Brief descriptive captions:
↓↓↓

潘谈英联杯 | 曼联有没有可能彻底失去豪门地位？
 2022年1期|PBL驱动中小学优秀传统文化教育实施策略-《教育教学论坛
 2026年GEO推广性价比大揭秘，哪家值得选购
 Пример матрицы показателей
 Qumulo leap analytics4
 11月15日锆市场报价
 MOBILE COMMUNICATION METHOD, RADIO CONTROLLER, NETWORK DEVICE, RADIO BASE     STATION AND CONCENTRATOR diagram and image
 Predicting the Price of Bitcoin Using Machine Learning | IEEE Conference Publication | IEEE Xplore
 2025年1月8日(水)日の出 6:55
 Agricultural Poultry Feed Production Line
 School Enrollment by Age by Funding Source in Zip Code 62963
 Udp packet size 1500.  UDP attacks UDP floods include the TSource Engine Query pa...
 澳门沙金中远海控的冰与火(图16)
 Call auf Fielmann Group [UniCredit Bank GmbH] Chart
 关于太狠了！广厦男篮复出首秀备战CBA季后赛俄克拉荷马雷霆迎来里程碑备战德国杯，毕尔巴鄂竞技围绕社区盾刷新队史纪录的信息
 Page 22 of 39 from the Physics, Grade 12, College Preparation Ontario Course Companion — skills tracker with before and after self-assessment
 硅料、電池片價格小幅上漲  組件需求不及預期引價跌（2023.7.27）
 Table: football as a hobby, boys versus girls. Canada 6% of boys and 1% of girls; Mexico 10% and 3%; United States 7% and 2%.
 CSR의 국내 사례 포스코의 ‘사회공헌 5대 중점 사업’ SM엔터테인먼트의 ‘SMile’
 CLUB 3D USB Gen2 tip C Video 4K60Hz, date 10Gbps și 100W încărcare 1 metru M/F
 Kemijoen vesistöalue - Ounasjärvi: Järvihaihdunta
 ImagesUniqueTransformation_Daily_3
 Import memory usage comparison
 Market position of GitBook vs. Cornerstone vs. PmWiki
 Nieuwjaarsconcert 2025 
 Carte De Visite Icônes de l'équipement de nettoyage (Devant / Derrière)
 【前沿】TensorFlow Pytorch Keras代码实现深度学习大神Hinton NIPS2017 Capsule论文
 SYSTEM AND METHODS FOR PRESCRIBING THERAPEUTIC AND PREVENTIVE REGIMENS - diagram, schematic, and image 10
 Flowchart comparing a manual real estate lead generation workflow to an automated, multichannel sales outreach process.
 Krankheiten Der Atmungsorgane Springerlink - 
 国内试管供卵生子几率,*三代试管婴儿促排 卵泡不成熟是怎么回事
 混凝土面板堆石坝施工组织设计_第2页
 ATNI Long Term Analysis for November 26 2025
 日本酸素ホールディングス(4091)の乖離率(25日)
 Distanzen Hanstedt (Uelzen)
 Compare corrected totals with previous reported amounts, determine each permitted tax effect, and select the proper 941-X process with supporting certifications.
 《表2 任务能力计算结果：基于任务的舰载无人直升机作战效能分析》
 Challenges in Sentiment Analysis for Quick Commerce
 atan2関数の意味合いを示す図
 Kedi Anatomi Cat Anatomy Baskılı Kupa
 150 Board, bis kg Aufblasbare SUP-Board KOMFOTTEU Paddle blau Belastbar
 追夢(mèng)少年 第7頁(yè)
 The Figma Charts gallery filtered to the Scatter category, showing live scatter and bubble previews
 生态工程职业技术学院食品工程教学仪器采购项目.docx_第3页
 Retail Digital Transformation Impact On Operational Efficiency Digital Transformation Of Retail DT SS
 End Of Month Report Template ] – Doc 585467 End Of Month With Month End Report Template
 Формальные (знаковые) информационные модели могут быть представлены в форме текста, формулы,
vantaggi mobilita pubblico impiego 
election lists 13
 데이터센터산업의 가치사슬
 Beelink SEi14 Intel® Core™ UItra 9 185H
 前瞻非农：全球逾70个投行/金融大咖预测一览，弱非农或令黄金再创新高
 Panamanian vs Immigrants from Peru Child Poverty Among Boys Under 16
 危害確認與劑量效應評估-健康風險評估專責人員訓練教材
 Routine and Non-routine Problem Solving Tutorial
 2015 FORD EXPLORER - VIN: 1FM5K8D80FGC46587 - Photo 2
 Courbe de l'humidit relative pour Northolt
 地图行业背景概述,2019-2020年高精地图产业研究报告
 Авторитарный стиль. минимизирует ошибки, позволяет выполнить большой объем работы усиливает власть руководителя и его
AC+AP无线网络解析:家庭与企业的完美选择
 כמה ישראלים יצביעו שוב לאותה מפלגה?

↑↑↑

Find the word "Analysis" in the entries above. Copy every line that has it.

 ATNI Long Term Analysis for November 26 2025
 Challenges in Sentiment Analysis for Quick Commerce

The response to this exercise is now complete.